● Given records:
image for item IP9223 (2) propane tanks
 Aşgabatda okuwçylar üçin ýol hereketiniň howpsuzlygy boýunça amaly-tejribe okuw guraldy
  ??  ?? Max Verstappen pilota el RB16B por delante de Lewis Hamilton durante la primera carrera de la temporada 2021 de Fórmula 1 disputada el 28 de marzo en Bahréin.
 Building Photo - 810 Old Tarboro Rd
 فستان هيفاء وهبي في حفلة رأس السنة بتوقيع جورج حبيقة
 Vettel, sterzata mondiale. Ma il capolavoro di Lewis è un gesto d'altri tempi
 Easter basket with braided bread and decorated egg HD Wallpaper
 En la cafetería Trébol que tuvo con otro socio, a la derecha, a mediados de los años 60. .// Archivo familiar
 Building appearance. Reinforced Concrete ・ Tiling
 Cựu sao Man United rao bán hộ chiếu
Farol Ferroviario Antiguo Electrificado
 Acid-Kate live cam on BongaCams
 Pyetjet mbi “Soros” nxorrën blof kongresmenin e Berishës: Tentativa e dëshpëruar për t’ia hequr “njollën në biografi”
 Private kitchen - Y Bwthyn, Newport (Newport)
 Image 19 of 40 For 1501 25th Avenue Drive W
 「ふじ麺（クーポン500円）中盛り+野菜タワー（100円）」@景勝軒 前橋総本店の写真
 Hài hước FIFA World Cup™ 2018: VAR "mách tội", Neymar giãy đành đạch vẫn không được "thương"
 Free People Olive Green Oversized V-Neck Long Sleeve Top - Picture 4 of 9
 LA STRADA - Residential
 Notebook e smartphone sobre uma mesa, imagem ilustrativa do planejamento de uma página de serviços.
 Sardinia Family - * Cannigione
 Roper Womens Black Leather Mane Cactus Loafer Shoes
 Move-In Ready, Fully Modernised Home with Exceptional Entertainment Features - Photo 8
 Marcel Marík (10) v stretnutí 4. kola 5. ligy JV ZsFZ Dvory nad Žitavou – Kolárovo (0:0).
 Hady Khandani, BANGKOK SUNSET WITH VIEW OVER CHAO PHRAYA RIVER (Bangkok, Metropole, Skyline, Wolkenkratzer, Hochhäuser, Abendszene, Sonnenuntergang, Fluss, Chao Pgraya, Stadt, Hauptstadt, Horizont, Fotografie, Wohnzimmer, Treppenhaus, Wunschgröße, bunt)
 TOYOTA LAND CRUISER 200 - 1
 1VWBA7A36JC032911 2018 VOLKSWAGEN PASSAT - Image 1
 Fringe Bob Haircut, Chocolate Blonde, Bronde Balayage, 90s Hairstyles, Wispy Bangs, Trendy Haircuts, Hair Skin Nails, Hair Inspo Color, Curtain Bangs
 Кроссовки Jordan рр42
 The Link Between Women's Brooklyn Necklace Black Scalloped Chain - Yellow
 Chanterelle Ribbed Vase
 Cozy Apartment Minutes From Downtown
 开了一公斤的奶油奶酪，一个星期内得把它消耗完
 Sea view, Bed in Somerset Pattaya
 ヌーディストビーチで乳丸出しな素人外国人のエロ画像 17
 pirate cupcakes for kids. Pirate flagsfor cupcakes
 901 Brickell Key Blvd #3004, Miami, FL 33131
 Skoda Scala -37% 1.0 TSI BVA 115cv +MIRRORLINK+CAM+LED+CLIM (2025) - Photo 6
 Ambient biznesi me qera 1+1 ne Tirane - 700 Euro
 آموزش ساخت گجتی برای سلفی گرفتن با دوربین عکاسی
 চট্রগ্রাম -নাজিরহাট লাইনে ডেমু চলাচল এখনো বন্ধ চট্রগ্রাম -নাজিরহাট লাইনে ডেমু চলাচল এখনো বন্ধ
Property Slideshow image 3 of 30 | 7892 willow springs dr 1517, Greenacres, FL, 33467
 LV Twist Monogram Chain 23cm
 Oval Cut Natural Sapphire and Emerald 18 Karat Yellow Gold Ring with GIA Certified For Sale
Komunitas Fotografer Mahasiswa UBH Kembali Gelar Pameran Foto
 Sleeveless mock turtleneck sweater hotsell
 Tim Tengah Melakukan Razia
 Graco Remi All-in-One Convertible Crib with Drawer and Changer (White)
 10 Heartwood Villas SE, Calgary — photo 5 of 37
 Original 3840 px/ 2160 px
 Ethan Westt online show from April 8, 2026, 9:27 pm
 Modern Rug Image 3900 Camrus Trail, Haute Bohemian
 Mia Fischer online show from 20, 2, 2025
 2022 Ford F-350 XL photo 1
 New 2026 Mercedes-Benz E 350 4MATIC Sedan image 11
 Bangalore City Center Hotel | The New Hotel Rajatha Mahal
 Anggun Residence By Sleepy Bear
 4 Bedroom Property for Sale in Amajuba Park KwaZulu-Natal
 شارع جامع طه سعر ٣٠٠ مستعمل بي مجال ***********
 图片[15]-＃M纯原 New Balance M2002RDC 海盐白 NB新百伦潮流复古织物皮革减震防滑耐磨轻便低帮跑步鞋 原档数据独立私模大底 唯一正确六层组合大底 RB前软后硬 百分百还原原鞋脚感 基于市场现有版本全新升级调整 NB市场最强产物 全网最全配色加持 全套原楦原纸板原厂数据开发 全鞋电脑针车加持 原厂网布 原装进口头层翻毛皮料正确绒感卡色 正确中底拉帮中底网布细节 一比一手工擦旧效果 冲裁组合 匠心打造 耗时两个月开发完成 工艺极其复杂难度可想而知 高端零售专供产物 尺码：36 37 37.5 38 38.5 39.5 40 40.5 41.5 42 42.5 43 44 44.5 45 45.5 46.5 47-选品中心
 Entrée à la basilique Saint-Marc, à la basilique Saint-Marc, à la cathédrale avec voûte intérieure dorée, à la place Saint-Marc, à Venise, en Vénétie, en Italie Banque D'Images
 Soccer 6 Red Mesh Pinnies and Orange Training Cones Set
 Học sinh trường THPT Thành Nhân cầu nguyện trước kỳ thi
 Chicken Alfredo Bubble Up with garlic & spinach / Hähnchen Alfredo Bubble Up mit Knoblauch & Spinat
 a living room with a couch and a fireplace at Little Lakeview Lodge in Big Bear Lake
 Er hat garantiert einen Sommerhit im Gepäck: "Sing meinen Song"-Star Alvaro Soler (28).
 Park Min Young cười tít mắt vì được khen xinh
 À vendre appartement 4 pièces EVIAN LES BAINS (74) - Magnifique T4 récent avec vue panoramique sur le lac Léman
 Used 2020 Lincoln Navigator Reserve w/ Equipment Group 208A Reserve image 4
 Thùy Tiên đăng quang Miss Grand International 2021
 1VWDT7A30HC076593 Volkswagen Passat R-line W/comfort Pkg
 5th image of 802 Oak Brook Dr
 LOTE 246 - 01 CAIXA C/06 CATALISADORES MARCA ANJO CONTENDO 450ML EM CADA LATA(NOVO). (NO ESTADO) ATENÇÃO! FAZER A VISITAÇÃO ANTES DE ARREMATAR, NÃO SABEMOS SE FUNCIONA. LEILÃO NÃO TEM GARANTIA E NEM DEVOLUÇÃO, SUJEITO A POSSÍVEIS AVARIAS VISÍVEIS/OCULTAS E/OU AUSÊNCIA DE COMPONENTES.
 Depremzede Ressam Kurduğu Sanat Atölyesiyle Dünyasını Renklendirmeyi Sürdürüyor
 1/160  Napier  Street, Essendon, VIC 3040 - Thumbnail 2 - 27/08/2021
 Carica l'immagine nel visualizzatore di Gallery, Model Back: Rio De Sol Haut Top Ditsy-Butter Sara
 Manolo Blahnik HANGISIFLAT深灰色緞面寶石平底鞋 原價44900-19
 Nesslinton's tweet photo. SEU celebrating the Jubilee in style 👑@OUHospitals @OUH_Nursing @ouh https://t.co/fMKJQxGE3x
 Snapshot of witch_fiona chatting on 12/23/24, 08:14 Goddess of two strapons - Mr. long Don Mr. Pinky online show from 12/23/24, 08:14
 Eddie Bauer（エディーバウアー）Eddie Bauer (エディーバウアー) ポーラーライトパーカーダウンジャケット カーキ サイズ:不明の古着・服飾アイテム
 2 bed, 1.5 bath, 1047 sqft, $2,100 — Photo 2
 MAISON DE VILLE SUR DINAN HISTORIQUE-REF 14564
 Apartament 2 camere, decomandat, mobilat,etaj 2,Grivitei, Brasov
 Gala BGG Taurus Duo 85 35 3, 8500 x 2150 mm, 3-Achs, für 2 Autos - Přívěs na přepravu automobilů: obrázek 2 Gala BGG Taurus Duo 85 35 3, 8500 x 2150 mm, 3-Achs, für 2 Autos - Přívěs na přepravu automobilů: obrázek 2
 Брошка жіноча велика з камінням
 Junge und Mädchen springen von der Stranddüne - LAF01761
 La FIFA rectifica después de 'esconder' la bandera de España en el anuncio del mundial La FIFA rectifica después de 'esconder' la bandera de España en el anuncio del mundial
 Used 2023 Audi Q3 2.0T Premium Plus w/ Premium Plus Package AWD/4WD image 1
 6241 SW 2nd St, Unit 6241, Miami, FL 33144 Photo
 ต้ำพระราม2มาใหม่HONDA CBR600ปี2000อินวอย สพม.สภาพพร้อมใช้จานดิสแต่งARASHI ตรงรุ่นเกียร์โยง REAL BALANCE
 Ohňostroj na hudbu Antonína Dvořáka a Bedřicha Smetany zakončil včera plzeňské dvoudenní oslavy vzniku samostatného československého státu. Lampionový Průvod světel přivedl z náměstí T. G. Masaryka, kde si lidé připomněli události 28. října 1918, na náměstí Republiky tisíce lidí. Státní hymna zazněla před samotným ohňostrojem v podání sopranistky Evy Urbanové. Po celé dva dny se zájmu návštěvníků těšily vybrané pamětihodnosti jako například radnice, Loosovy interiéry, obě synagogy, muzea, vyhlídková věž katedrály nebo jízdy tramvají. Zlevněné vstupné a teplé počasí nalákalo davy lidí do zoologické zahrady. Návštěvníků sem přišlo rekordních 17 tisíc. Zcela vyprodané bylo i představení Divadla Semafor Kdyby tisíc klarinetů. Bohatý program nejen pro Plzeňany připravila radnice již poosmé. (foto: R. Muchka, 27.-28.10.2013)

● Task goal: What is needed is an exact copy of the lines above, from the one containing "Cựu sao Man United rao bán hộ chiếu" through the one containing "901 Brickell Key Blvd #3004, Miami, FL 33131", with nothing added.

● Your response:
 Cựu sao Man United rao bán hộ chiếu
Farol Ferroviario Antiguo Electrificado
 Acid-Kate live cam on BongaCams
 Pyetjet mbi “Soros” nxorrën blof kongresmenin e Berishës: Tentativa e dëshpëruar për t’ia hequr “njollën në biografi”
 Private kitchen - Y Bwthyn, Newport (Newport)
 Image 19 of 40 For 1501 25th Avenue Drive W
 「ふじ麺（クーポン500円）中盛り+野菜タワー（100円）」@景勝軒 前橋総本店の写真
 Hài hước FIFA World Cup™ 2018: VAR "mách tội", Neymar giãy đành đạch vẫn không được "thương"
 Free People Olive Green Oversized V-Neck Long Sleeve Top - Picture 4 of 9
 LA STRADA - Residential
 Notebook e smartphone sobre uma mesa, imagem ilustrativa do planejamento de uma página de serviços.
 Sardinia Family - * Cannigione
 Roper Womens Black Leather Mane Cactus Loafer Shoes
 Move-In Ready, Fully Modernised Home with Exceptional Entertainment Features - Photo 8
 Marcel Marík (10) v stretnutí 4. kola 5. ligy JV ZsFZ Dvory nad Žitavou – Kolárovo (0:0).
 Hady Khandani, BANGKOK SUNSET WITH VIEW OVER CHAO PHRAYA RIVER (Bangkok, Metropole, Skyline, Wolkenkratzer, Hochhäuser, Abendszene, Sonnenuntergang, Fluss, Chao Pgraya, Stadt, Hauptstadt, Horizont, Fotografie, Wohnzimmer, Treppenhaus, Wunschgröße, bunt)
 TOYOTA LAND CRUISER 200 - 1
 1VWBA7A36JC032911 2018 VOLKSWAGEN PASSAT - Image 1
 Fringe Bob Haircut, Chocolate Blonde, Bronde Balayage, 90s Hairstyles, Wispy Bangs, Trendy Haircuts, Hair Skin Nails, Hair Inspo Color, Curtain Bangs
 Кроссовки Jordan рр42
 The Link Between Women's Brooklyn Necklace Black Scalloped Chain - Yellow
 Chanterelle Ribbed Vase
 Cozy Apartment Minutes From Downtown
 开了一公斤的奶油奶酪，一个星期内得把它消耗完
 Sea view, Bed in Somerset Pattaya
 ヌーディストビーチで乳丸出しな素人外国人のエロ画像 17
 pirate cupcakes for kids. Pirate flagsfor cupcakes
 901 Brickell Key Blvd #3004, Miami, FL 33131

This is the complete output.